### Past Awardee

#### Constant-Mean-Curvature Surfaces: Computation and Visualization

##### John Sullivan

*College:* Liberal Arts and Sciences

*Award year:* 2000-2001

Many real-world problems can be cast as optimizing a shape; mathematically, these become minimizations of geometric energies. For instance, soap bubbles minimize area while enclosing fixed volumes; this leads to the study of constant-mean-curvature (CMC) surfaces. All interfaces in a froth are CMC surfaces.

Most interesting mathematically are complete surfaces, with no boundary. Complete embedded surfaces are classified by topology: number of handles and ends (at infinity). Two-ended CMC surfaces form a one-parameter family (including the cylinder) of surfaces of revolution called unduloids.

Sullivan has, with Kusner and Grobe-Brauckmann, determined the moduli space of all three-ended genus-zero CMC surfaces (triunduloids). Each end is asymptotic to an unduloid, and the surface has mirror symmetry. Triunduloids are classified by spherical triangles, whose edge lengths are the ends' necksizes. (Symmetry and force balancing are crucial for this classification.) It is rare for the space of solutions to a partial differential equation to be known so explicitly.

As a Faculty Fellow, Sullivan will make use of the NCSA's state-of-the-art computation and visualization facilities to investigate CMC surfaces. Triunduloids, or rather their truncations, form basic building blocks for gluing together all other embedded CMC surfaces.

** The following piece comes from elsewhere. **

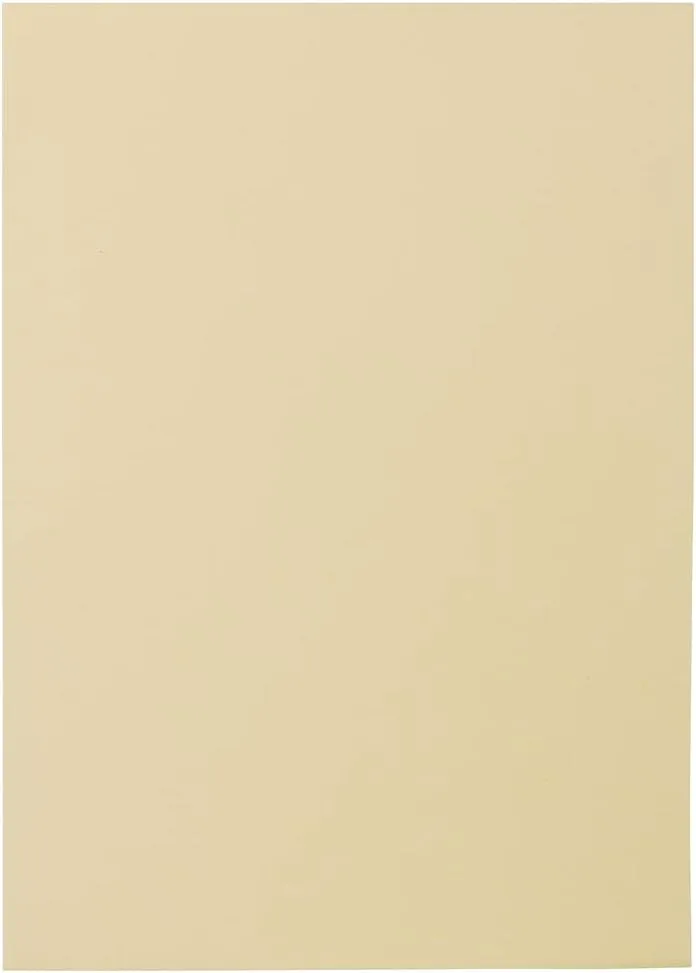 JAM PAPER Strathmore Foldover Cards - 80lb Wove - 25/Pack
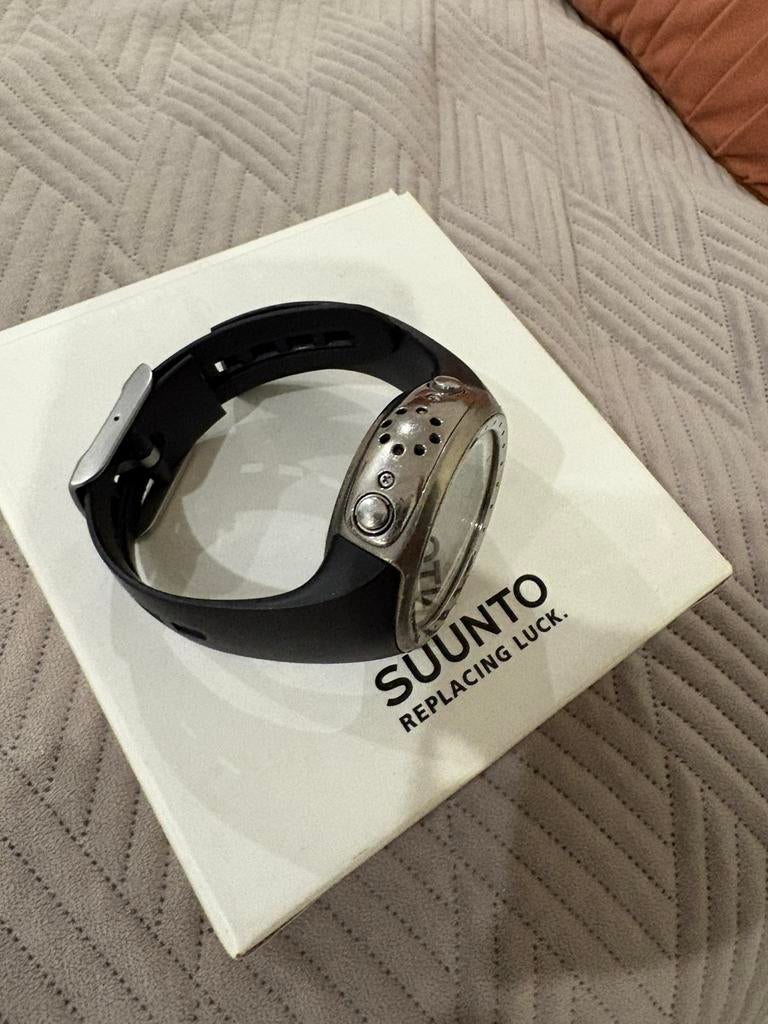 Suunto D9, Ophalen of Verzenden, Gebruikt, Duikcomputer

The parameters for truncated triunduloids are known only approximately; thus numerical optimization is needed. This large computation will require the parallelized version of Brakke's Evolver, developed to run on the Origin 2000.

The numerical algorithm computes a minimal surface in spherical space, and conjugates it to give a triunduloid. Working with an RA, Sullivan is now implementing this algorithm in the Evolver. The unstable minimal surfaces which are needed can be best computed by minimizing elastic bending energy for surfaces (as for the sphere eversion in The Optiverse, the video produced at NCSA in 1998).

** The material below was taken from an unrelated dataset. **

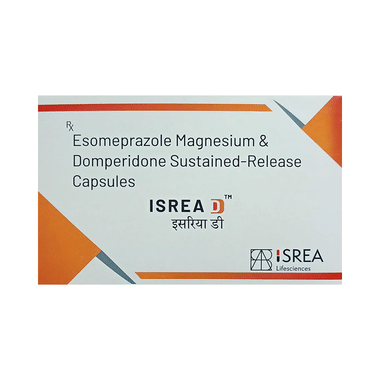 Isrea D Capsule SR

Traversing a certain loop in the three-dimensional space of triunduloids adds a bubble to one end of the triunduloid. Results like this can be best understood visually, so Sullivan proposes to create a virtual-reality (CAVE) environment. Here a user could navigate through the ordinary geometric space of a single CMC surface, and also navigate through the three-dimensional space of all triunduloids. This will require the computation of thousands of triunduloids in advance on the supercomputer. This visualization environment will also allow the investigation of the more complicated CMC surfaces built from triunduloids. Here, since rigorous understanding is so far lacking, further theoretical progress will require numerical experiments with good visualization.

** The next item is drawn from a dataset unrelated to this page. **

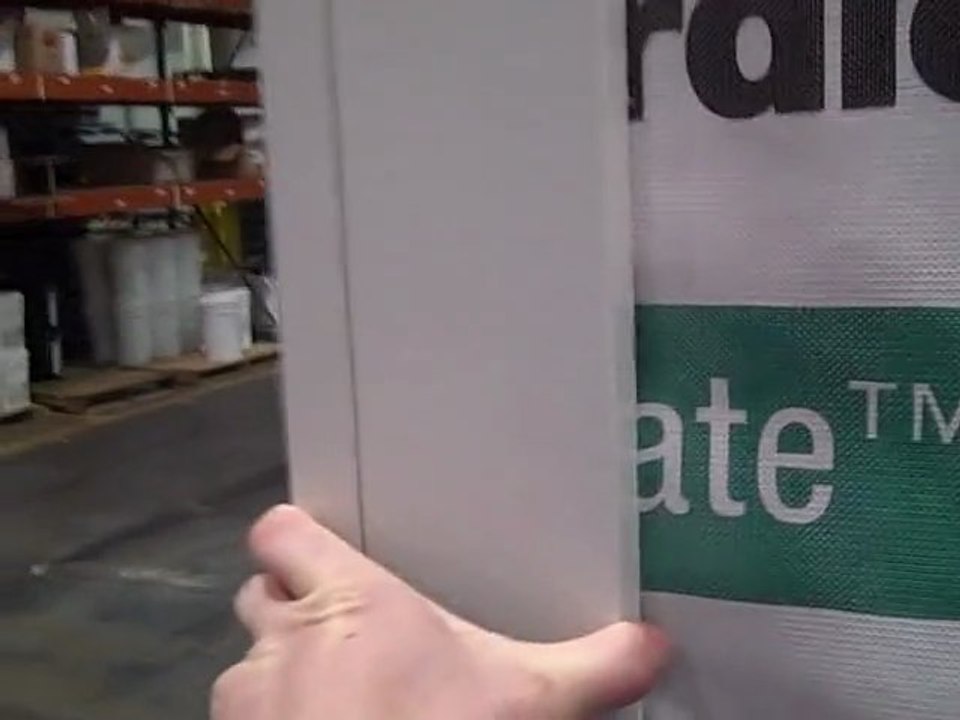 Kansas City James Hardie siding demonstration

As an NCSA Fellow, Sullivan will also produce a computer-graphics videotape on triunduloids. His experience producing The Optiverse means that many necessary tools are already at hand; the NCSA post-production facilities and staff will be essential to complete this video. Sullivan will also create an interactive web page, a kind of portal for access to information about CMC surfaces through the Grid.

Sullivan's proposed NCSA fellowship project will explore the frontier of geometry, where problems that may be physically natural are still challenging from theoretical and computational standpoints. The interplay between rigorous proofs and numerical experiments (with interactive visualization) is what allows progress on both fronts.